A metric more commonly used by search engines to analyse language can now power organic chemistry retrosyntheses


This 'structure cloud' shows organic chemistry 'keywords' with their size corresponding to how often they occur

How organic chemists devise synthetic routes to target molecules could be about to be revolutionised by a new approach that treats molecules as sentences, and their fragments as words. That’s thanks to a language statistic used by search engines that researchers in the US and Poland have shown can be successfully applied to retrosynthetic analysis.
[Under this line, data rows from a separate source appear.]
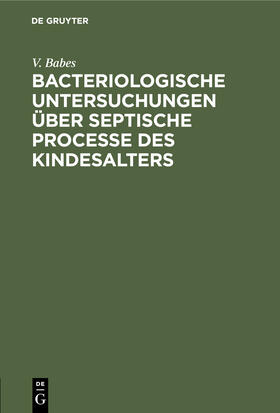 Babes |  Bacteriologische Untersuchungen über septische Processe des Kindesalters | Buch |  Sack Fachmedien
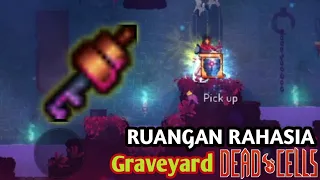 Membuka Pintu Rahasia Di Graveyard - Dead Cells Mobile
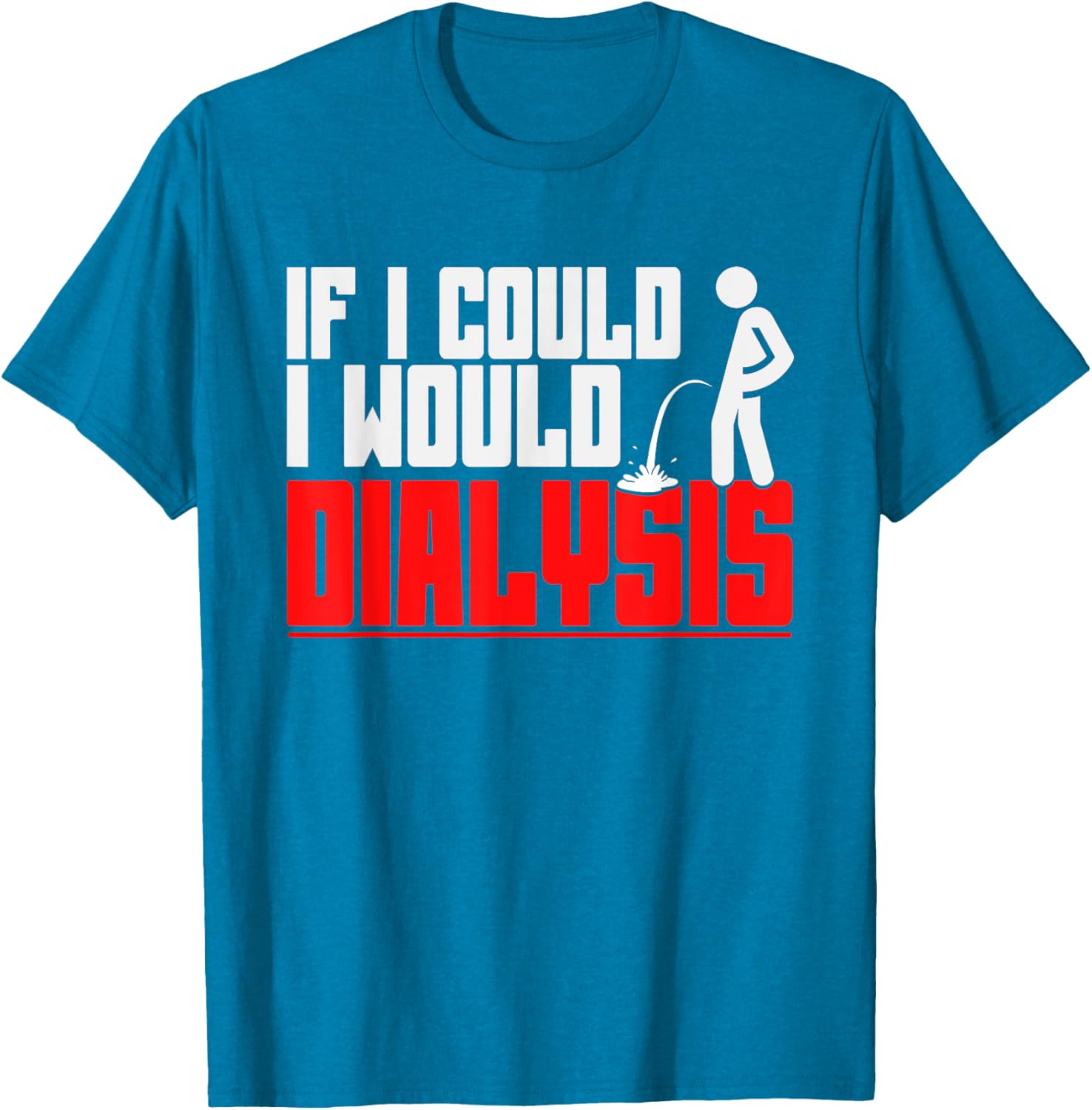 Funny Dialysis T-Shirt for Men – Humorous Gear for Dialysis Patients - 6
‘Modern computational linguistics is pattern recognition,’ explains Bartosz Grzybowski from Northwestern University in the US. ‘What I was taught in organic chemistry for 10 years – it’s exactly the same.’ Grzybowski’s team has integrated the approach into Chematica, a synthetic pathway discovery tool scheduled for a November or December launch.

While developing Chematica, Grzybowski became aware of the advances computational linguistics were achieving in pattern recognition through his interest in philosophy. Over the following two years his team grappled with converting the ideas from language to chemical structures. ‘I don’t think before this paper there was a chemist in the world who did linguistics,’ laughs Grzybowski.
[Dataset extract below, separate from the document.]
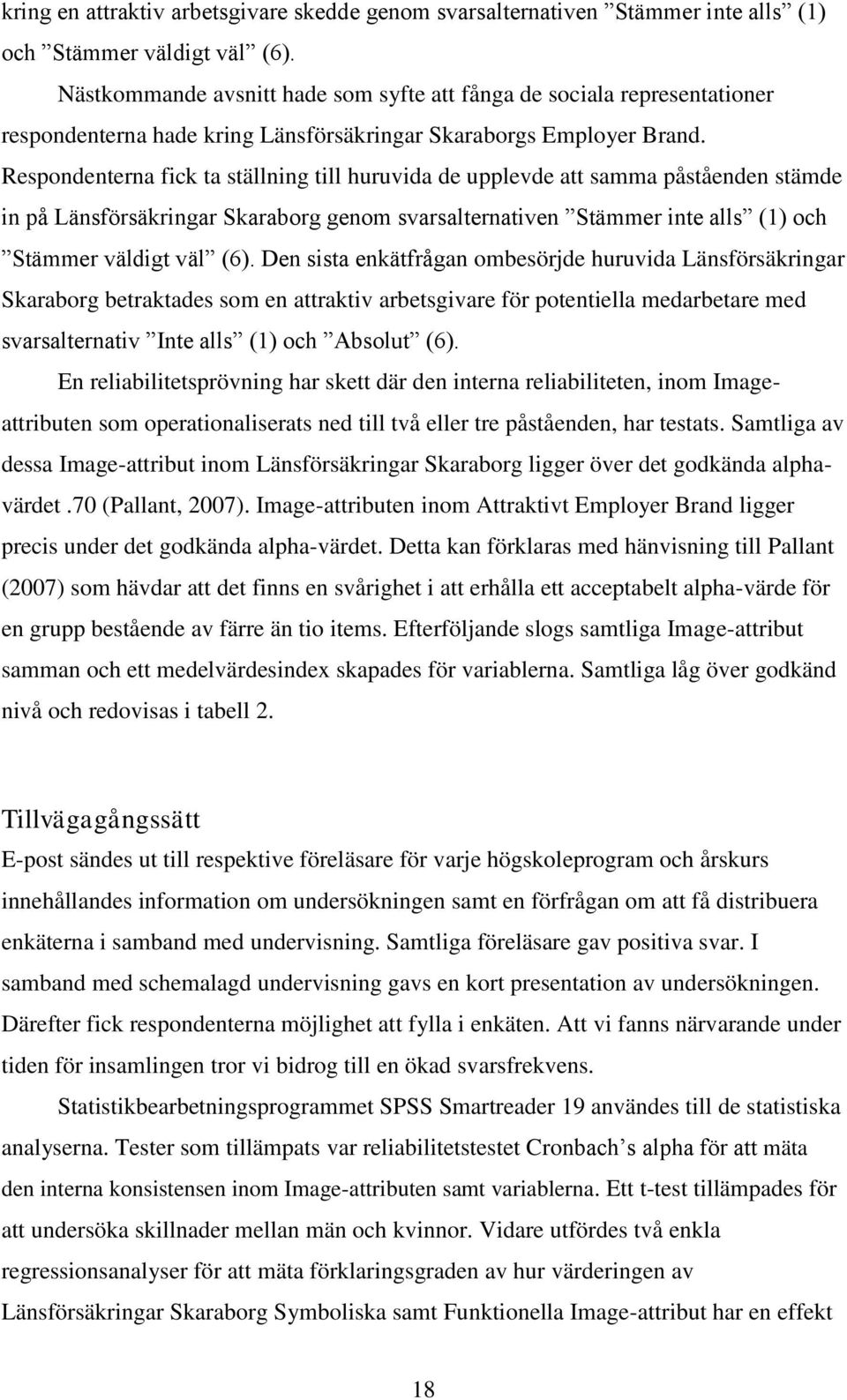 Respondenterna fick ta ställning till huruvida de upplevde att samma påståenden stämde in på Länsförsäkringar Skaraborg genom svarsalternativen Stämmer inte alls (1) och Stämmer väldigt väl (6).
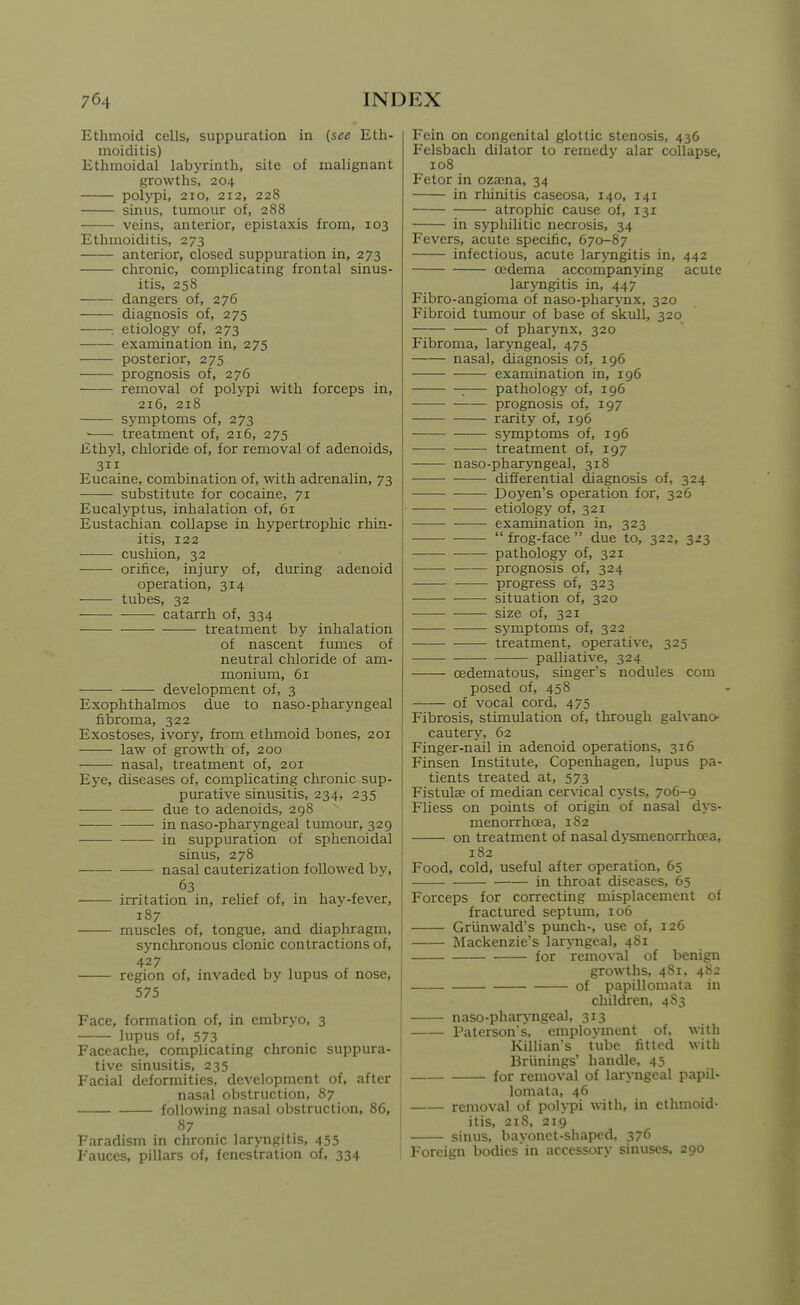 Ethmoid cells, suppuration in (see Eth- moiditis) Ethmoidal labyrinth, site of malignant growths, 204 polypi, 210, 212, 228 sinus, tumour of, 288 veins, anterior, epistaxis from, 103 Ethmoiditis, 273 anterior, closed suppuration in, 273 chronic, complicating frontal sinus- itis, 258 dangers of, 276 diagnosis of, 275 : etiology of, 273 examination in, 275 posterior, 275 prognosis of, 276 removal of polypi with forceps in, 216, 218 symptoms of, 273 ■ treatment of, 216, 275 Ethyl, chloride of, for removal of adenoids, 311 Eucaine, combination of, with adrenalin, 73 substitute for cocaine, 71 Eucalj'ptus, inhalation of, 61 Eustachian collapse in hypertrophic rhin- itis, 122 cushion, 32 orifice, injury of, during adenoid operation, 314 tubes, 32 catarrh of, 334 treatment by inhalation of nascent fumes of neutral chloride of am- monium, 61 development of, 3 Exophthalmos due to naso-pharj'ngeal fibroma, 322 Exostoses, ivory, from ethmoid bones, 201 law of growth of, 200 nasal, treatment of, 201 Eye, diseases of, complicating chronic sup- purative sinusitis, 234, 235 due to adenoids, 298 in naso-pharyngeal tumour, 329 in suppuration of sphenoidal sinus, 278 nasal cauterization followed by, 63 irritation in, relief of, in hay-fever, 187 muscles of, tongue, and diaphragm, synchronous clonic contractions of, 427 region of, invaded by lupus of nose, 575 Face, formation of, in embryo, 3 lupus of, 573 Faceache, complicating chronic suppura- tive sinusitis, 235 Facial deformities, development of, after nasal obstruction, 87 following nasal obstruction, 86, 87 Faradism in chronic laryngitis, 455 Fauces, pillars of, fenestration of, 334 Fein on congenital glottic stenosis, 436 Felsbach dilator to remedy alar collapse, 108 Fetor in ozasna, 34 in rhinitis caseosa, 140, 141 atrophic cause of, 131 in syphilitic necrosis, 34 Fevers, acute specific, 670-87 infectious, acute laryngitis in, 442 oedema accompanying acute laryngitis in, 447 Fibro-angioma of naso-pharynx, 320 Fibroid tumour of base of skull, 320 of pharynx, 320 Fibroma, laryngeal, 475 nasal, diagnosis of, 196 examination in, 196 : pathology of, 196 • prognosis of, 197 rarity of, 196 symptoms of, ig6 treatment of, 197 naso-pharyngeal, 318 differential diagnosis of, 324 Doyen's operation for, 326 —— etiology of, 321 examination in, 323  frog-face  due to, 322, 323 • pathology of, 321 prognosis of, 324 • progress of, 323 situation of, 320 size of, 321 symptoms of, 322 treatment, operative, 325 palliative, 324 cedematous, singer's nodules com posed of, 458 of vocal cord, 475 Fibrosis, stimulation of, through galvano- cautery, 62 Finger-nail in adenoid operations, 316 Finsen Institute, Copenhagen, lupus pa- tients treated at, 573 FistulaB of median cervical cysts, 706-9 Fliess on points of origin of nasal dys- menorrhoea, 1S2 on treatment of nasal dysmenorrhcea, 182 Food, cold, useful after operation, 65 in throat diseases, 65 Forceps for correcting misplacement of fractured septum, 106 Griinwald's punch-, use of, 126 Mackenzie's lar\Tigeal, 4S1 for remo\'al of benign growths, 4S1, 4S2 of papillomata in children, 4S3 naso-pharyngeal, 313 Patcrson's. employment of. with Killian's tube fitted with Briinings' handle, 45 for removal of laryngeal papil- lomata, 46 removal of polypi with, in ethmoid- itis, 218, 219 sinus, bayonet-shaped, 376 Foreign bodies'in accessory sinuses, 290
Linguists create dictionaries of maximum common substrings, series of letters and/or words shared by different sentences, and rank them by how often they occur. To emulate that, the chemists compiled a ‘dictionary’ of fragments common to different molecules. When their analysis focused specifically on functional groups, like amines or hydroxyls, the distribution of dictionary content was very different to English, making linguistic rules harder to apply. ‘The analogy is in linguistics, what distinguishes language is not the alphabet, but certain repeat patterns of words,’ observes Grzybowski. 

Language of chemistry

By contrast, examining all possible structural fragments gave Grzybowski’s team a dictionary distributed very similarly to English. They then applied a statistic known as term frequency–inverse document frequency (TF-IDF) to find a starting point for synthesis planning. TF-IDF can relate how often words occur in a sentence to how often those words occur in language more generally, identifying which words contain most information. The Northwestern team proposed that bonds with high TF-IDF scores would be most important to make, and therefore first to disconnect in retrosynthetic analysis.
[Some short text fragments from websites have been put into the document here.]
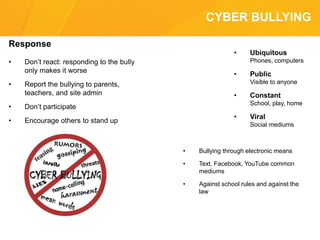 CYBER BULLYING
Response
• Don’t react: responding to the bully
only makes it worse
• Report the bullying to parents,
teachers, and site admin
• Don’t participate
• Encourage others to stand up
• Ubiquitous
Phones, computers
• Public
Visible to anyone
• Constant
School, play, home
• Viral
Social mediums
• Bullying through electronic means
• Text, Facebook, YouTube common
mediums
• Against school rules and against the
law
 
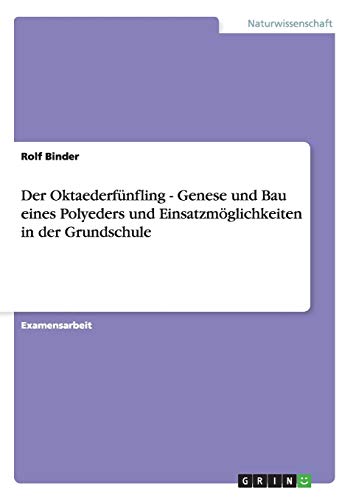 Der Oktaederfünfling - Genese und Bau eines Polyeders und Einsatzmöglichkeiten in der Grundschule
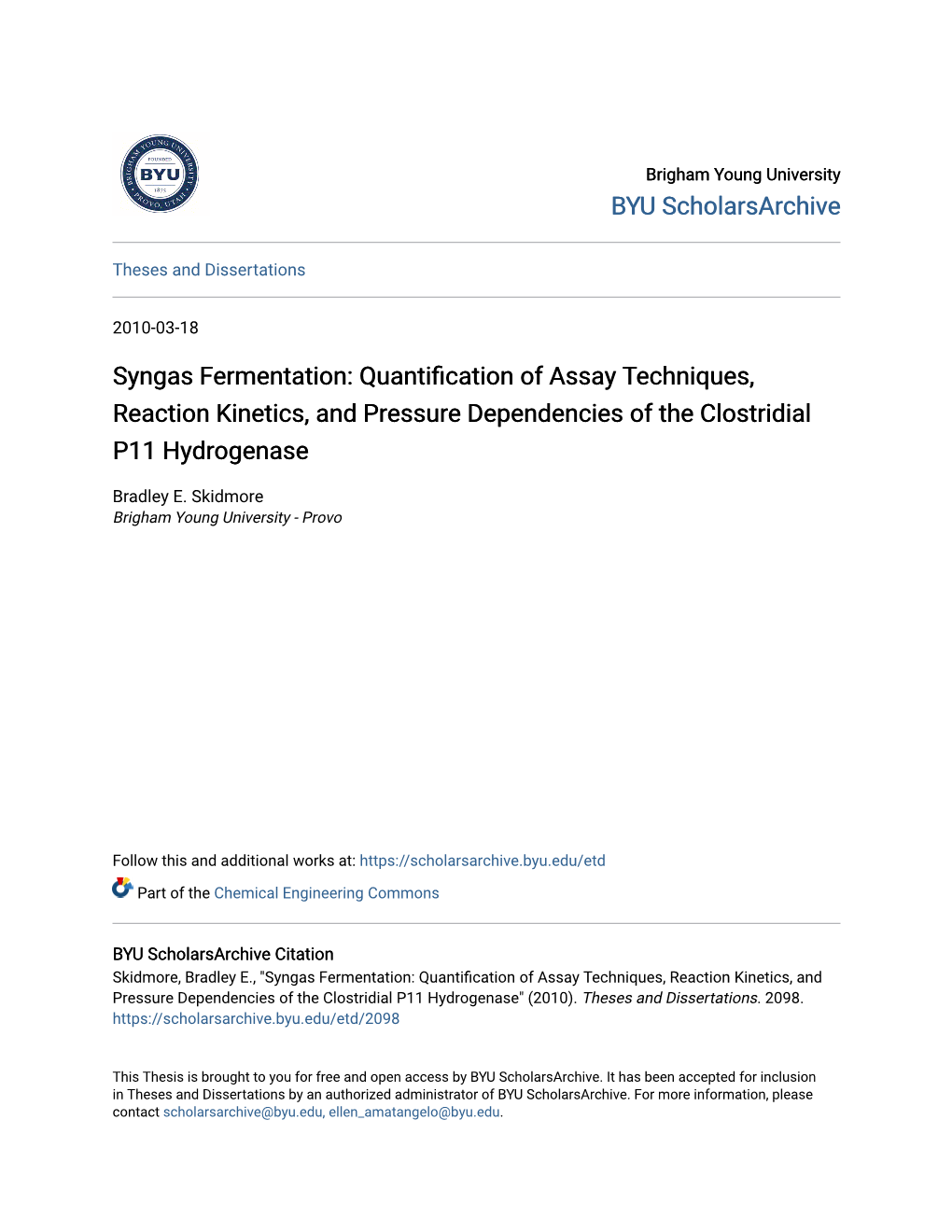 Syngas Fermentation: Quantification of Assay Techniques, Reaction Kinetics, and Pressure Dependencies of the Clostridial P11 Hydrogenase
To test this, they asked Janusz Jurczak and his Polish Academy of Sciences team to manually analyse linguistically-disconnected structures. Around 97% of the time at least one chemist selected one of the computer’s top three bond choices. ‘In the vast majority of cases the bonds that you should be cutting have the highest information content,’ Grzybowski tells Chemistry World.

‘“Google-type” search engines that focus on common repeat patterns to analyse and disconnect organic molecules would be game-changing,’ says Varinder Aggarwal at the University of Bristol, UK. ‘It would bring complex synthetic chemistry to a much broader community. This paper looks like a first step in this direction.’ Yet Aggarwal warns that it’s difficult to judge how successful the approach will be. ‘The proof will be provided when it’s tested against complex molecules.’

However, Phil Baran from the Scripps Research Institute in La Jolla, US, is not certain how useful this would be ‘for anyone skilled in the art of synthesis’. ‘I’d have the same problem if I tried to computationally understand what makes one painting more beautiful than another by analysing patterns and shapes,’ he says. ‘You might get the right answer some of the time but it’s unlikely you’ll be able to do anything creative since by definition you’re cataloguing what has been done before – you’ll always be stuck “inside the box”.’

Grzybowski highlights that the new approach will be a part of Chematica’s retrosynthetic disconnection suite. ‘It’s an independent measure. Measures that agree, linguistic and chemical approaches, should tell you, “this is how and where I want to make a cut”.’